■ Material supplied:
▶
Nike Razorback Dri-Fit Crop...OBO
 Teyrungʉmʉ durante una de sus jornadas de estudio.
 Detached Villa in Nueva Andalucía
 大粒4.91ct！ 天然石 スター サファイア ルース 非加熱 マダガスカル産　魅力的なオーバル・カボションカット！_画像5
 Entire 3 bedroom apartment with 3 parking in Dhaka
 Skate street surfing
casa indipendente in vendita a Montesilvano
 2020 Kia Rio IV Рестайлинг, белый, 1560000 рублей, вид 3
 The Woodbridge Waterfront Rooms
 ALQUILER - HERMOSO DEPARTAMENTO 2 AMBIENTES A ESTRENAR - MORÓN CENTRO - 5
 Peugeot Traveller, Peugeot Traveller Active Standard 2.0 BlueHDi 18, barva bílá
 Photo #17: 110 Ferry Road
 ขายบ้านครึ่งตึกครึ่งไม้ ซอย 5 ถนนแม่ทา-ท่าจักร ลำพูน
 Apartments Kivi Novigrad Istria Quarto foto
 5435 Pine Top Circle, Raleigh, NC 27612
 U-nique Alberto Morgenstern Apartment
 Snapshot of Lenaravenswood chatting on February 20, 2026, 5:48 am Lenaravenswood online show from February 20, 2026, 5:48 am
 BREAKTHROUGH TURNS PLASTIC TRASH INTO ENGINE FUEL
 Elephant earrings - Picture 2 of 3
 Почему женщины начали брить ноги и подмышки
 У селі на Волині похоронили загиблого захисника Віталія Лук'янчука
◀
■ Brief:
Beginning at the line that contains "ALQUILER - HERMOSO", retype each line of the listing up to and including the last one, exactly as it stands, and nothing else.

■ Task response:
 ALQUILER - HERMOSO DEPARTAMENTO 2 AMBIENTES A ESTRENAR - MORÓN CENTRO - 5
 Peugeot Traveller, Peugeot Traveller Active Standard 2.0 BlueHDi 18, barva bílá
 Photo #17: 110 Ferry Road
 ขายบ้านครึ่งตึกครึ่งไม้ ซอย 5 ถนนแม่ทา-ท่าจักร ลำพูน
 Apartments Kivi Novigrad Istria Quarto foto
 5435 Pine Top Circle, Raleigh, NC 27612
 U-nique Alberto Morgenstern Apartment
 Snapshot of Lenaravenswood chatting on February 20, 2026, 5:48 am Lenaravenswood online show from February 20, 2026, 5:48 am
 BREAKTHROUGH TURNS PLASTIC TRASH INTO ENGINE FUEL
 Elephant earrings - Picture 2 of 3
 Почему женщины начали брить ноги и подмышки
 У селі на Волині похоронили загиблого захисника Віталія Лук'янчука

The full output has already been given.